[Short descriptive text snippets]
※ ※ ※

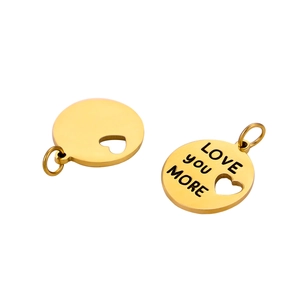 Dettaglio ciondolo a cuore placcato oro con incisione Love you More e design traforato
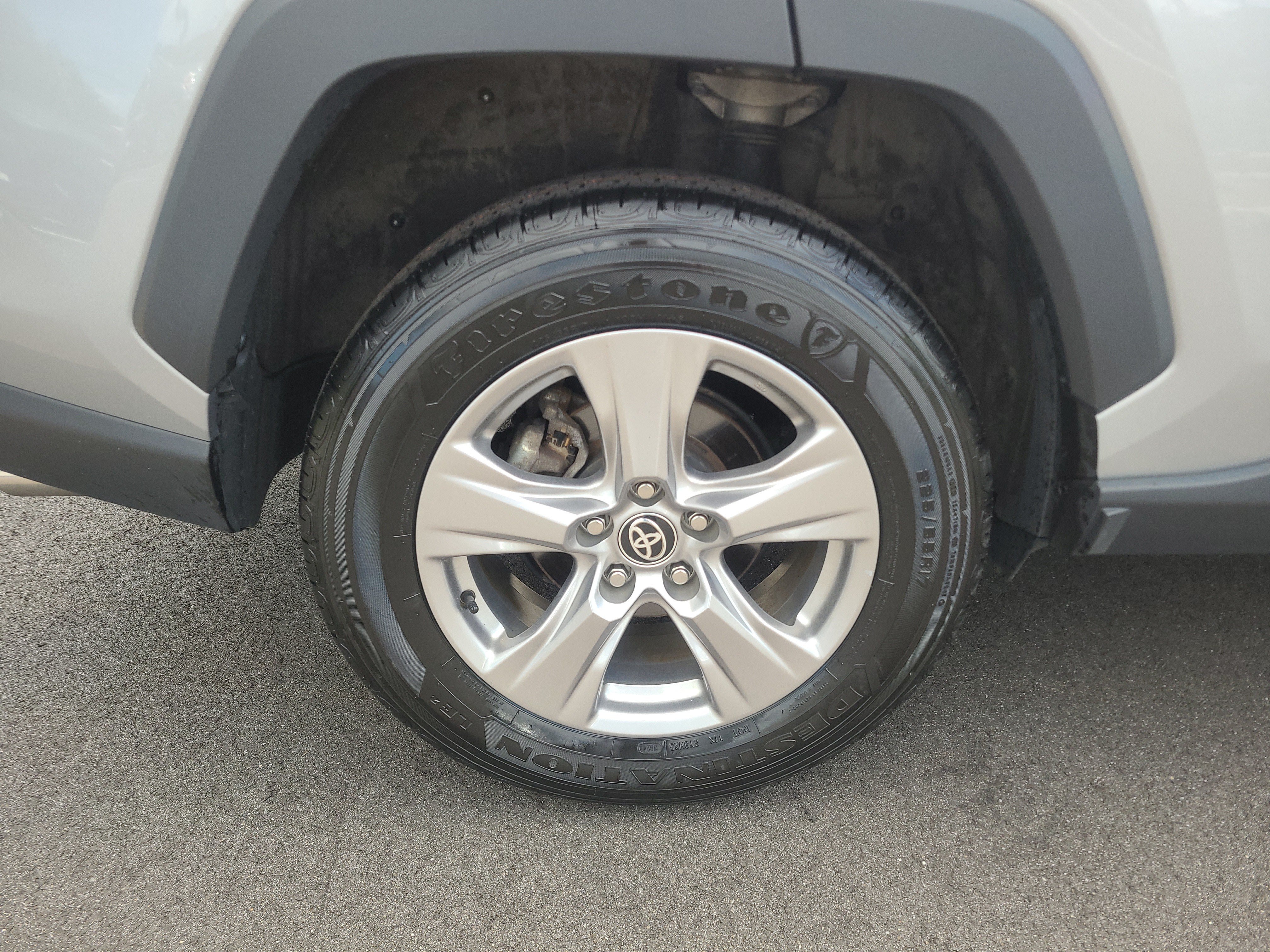 Certified 2025 Toyota RAV4 XLE AWD/4WD image 11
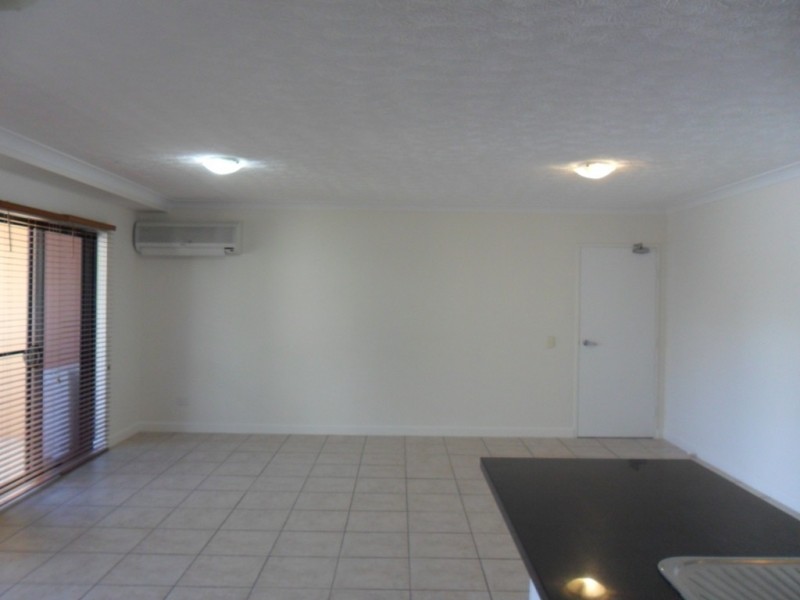 100 Railway Avenue, Railway Estate QLD 4810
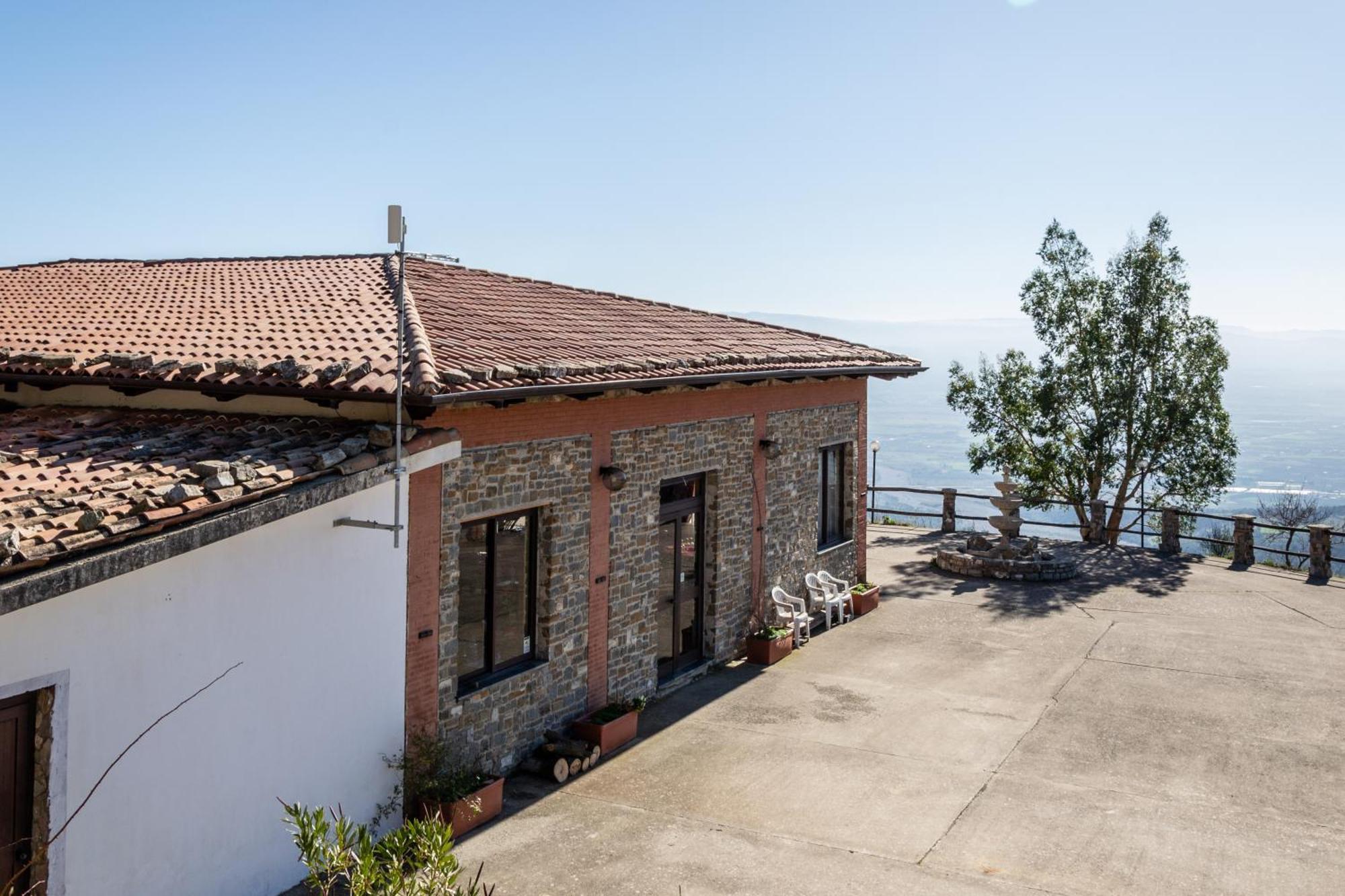 Agriturismo Pinelli Plataci Extérieur photo
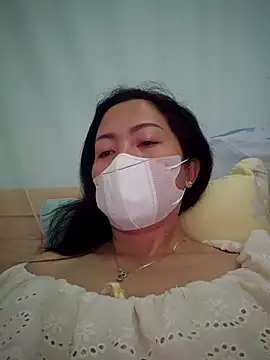 Snapshot of Baby-sexytits18 chatting on October 2025 11:18:02 PM Baby-sexytits18 online show from October 2025 11:18:02 PM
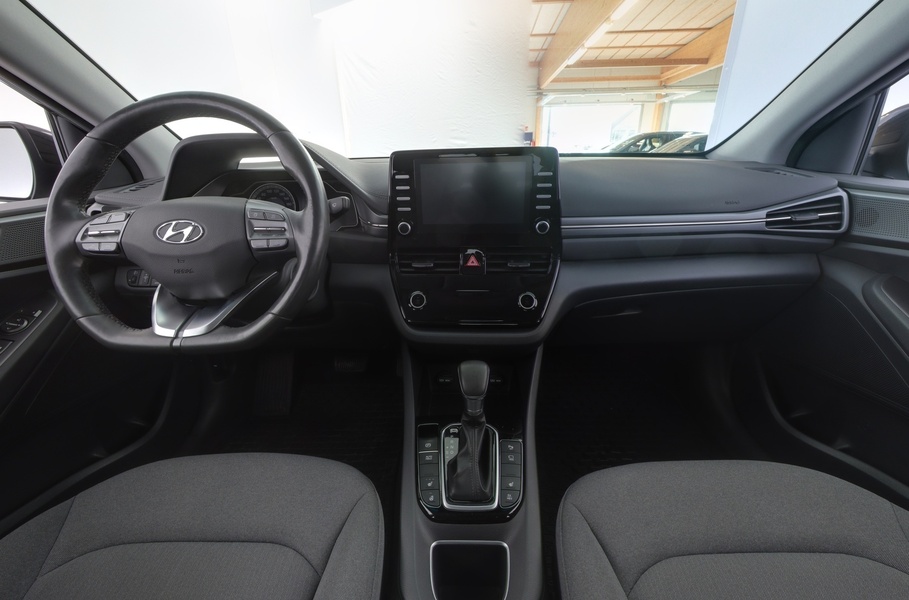 Hyundai IONIQ plug-in vaihtoauto
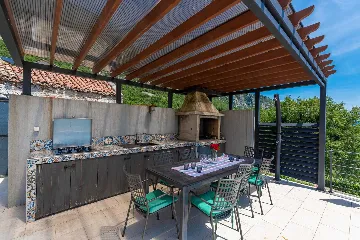 Spacious 4-Bedroom Villa in Bribir, Croatia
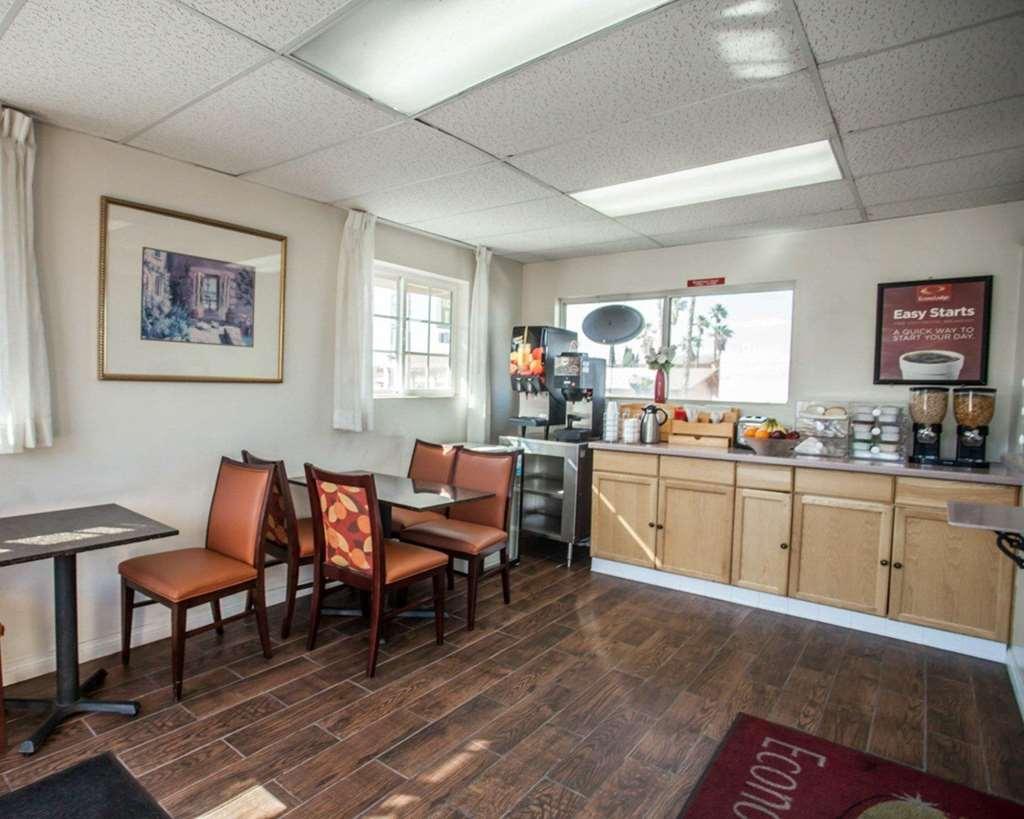 Econo Lodge On Historic Route 66 Barstow Restaurant foto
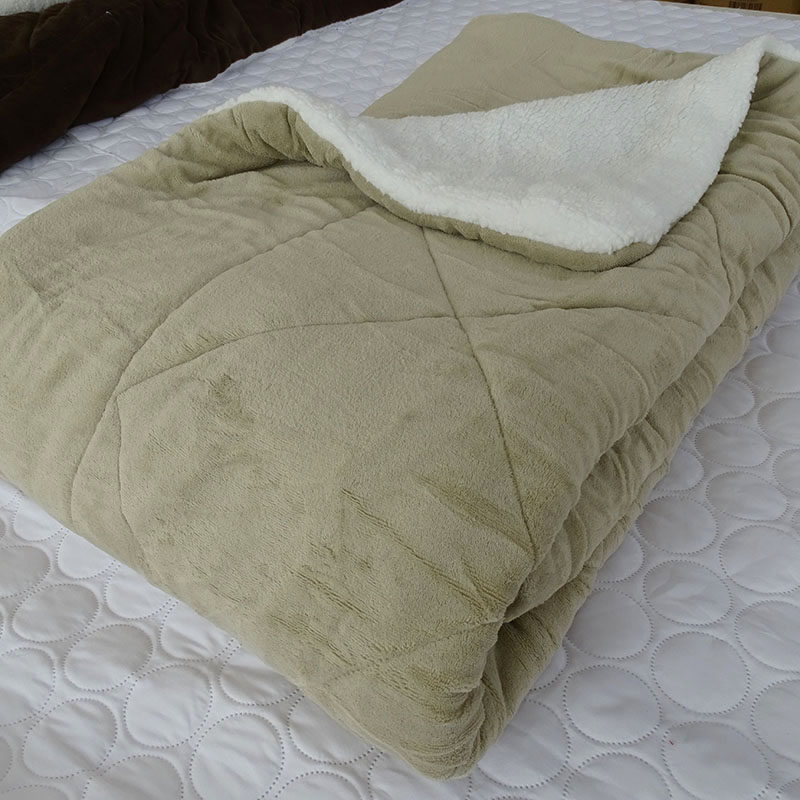 外贸出口简约纯色加厚保暖灰色绿色成人羊羔绒毯子多种颜色可选,床上用品,休闲毯/毛毯/绒毯,淘宝优惠券,粉丝福利购,淘宝优惠卷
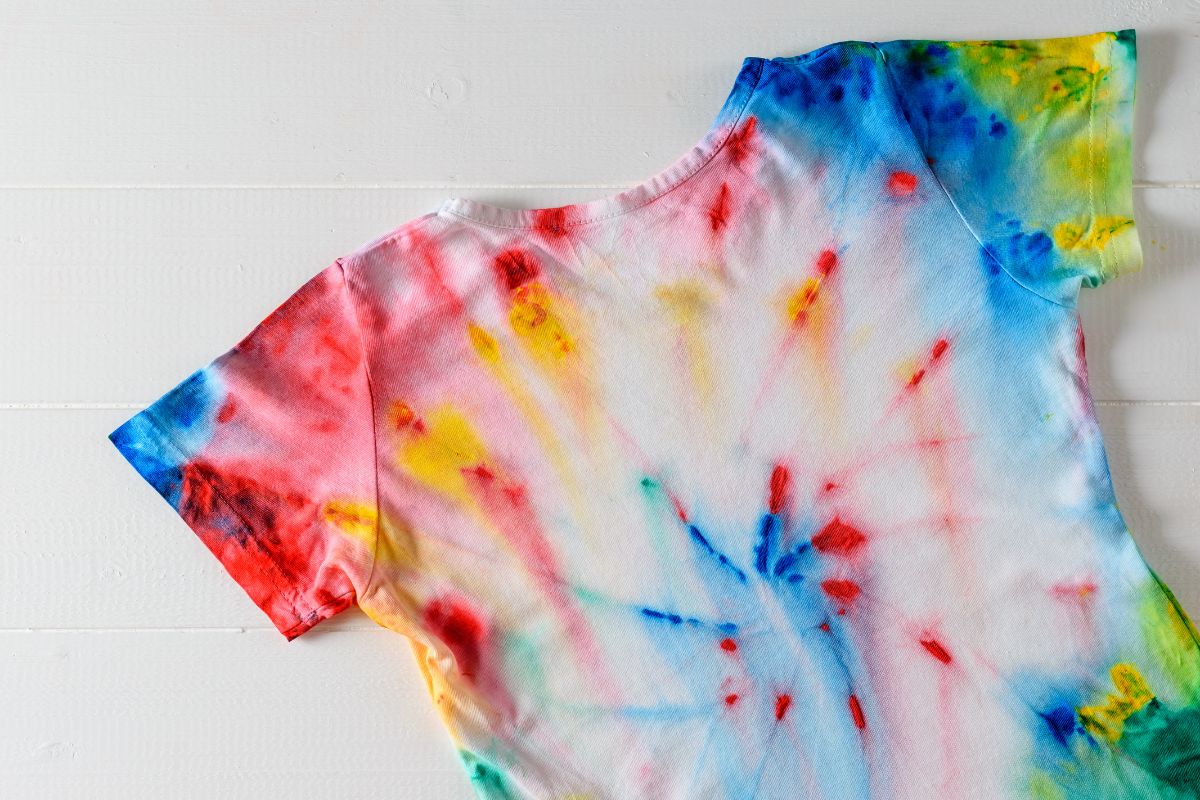 How To Make Reverse Tie Dye (Bleach Tie Dye) - Two Big Two Little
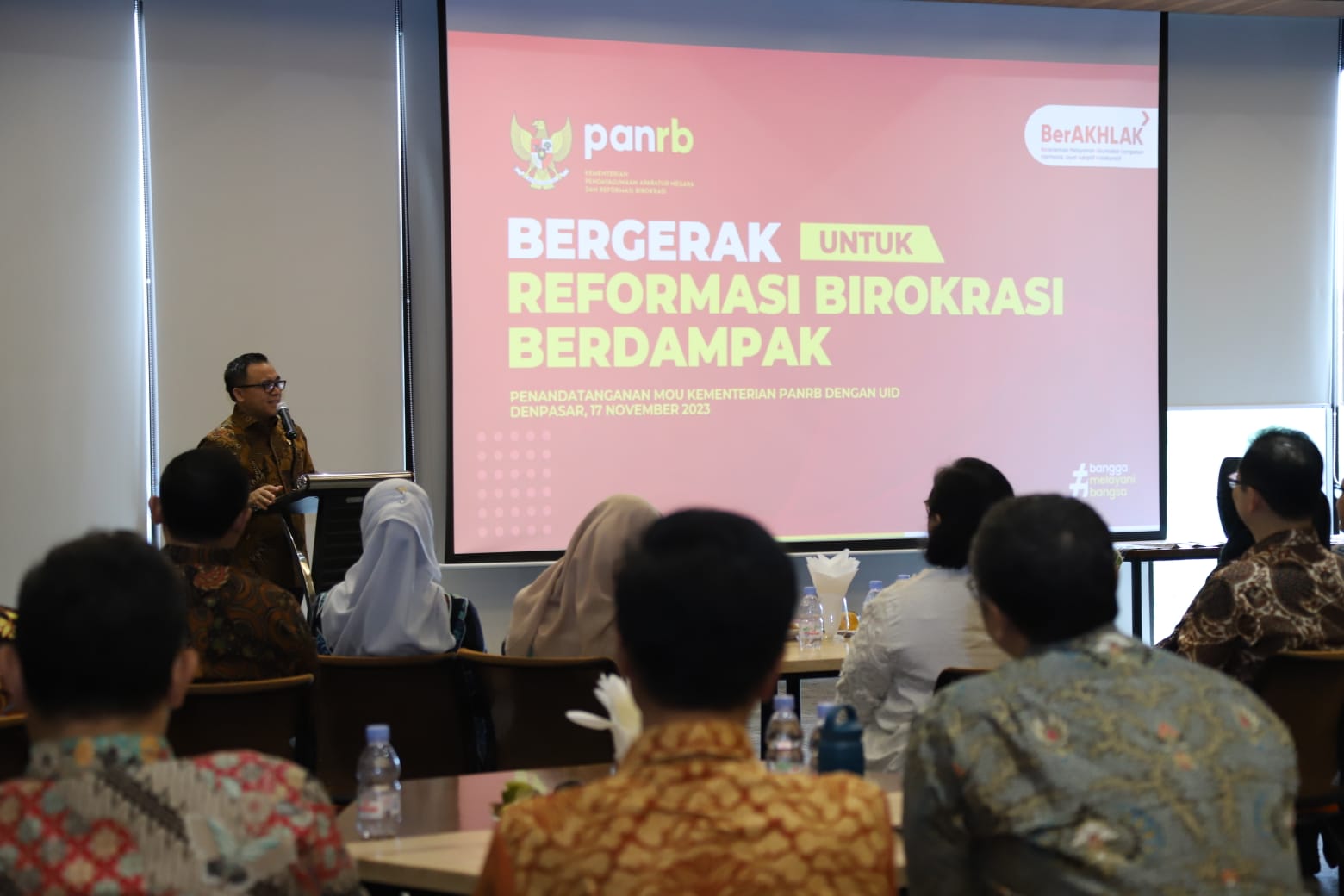 2023117 Penandatanganan MoU Kementerian PANRB dengan Yayasan Upaya Indonesia Damai UID 17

※ ※ ※

Give back every record exactly. Omit the pictures.

- Exercise answer -
 Dettaglio ciondolo a cuore placcato oro con incisione Love you More e design traforato
 Certified 2025 Toyota RAV4 XLE AWD/4WD image 11
 100 Railway Avenue, Railway Estate QLD 4810
 Agriturismo Pinelli Plataci Extérieur photo
 Snapshot of Baby-sexytits18 chatting on October 2025 11:18:02 PM Baby-sexytits18 online show from October 2025 11:18:02 PM
 Hyundai IONIQ plug-in vaihtoauto
 Spacious 4-Bedroom Villa in Bribir, Croatia
 Econo Lodge On Historic Route 66 Barstow Restaurant foto
 外贸出口简约纯色加厚保暖灰色绿色成人羊羔绒毯子多种颜色可选,床上用品,休闲毯/毛毯/绒毯,淘宝优惠券,粉丝福利购,淘宝优惠卷
 How To Make Reverse Tie Dye (Bleach Tie Dye) - Two Big Two Little
 2023117 Penandatanganan MoU Kementerian PANRB dengan Yayasan Upaya Indonesia Damai UID 17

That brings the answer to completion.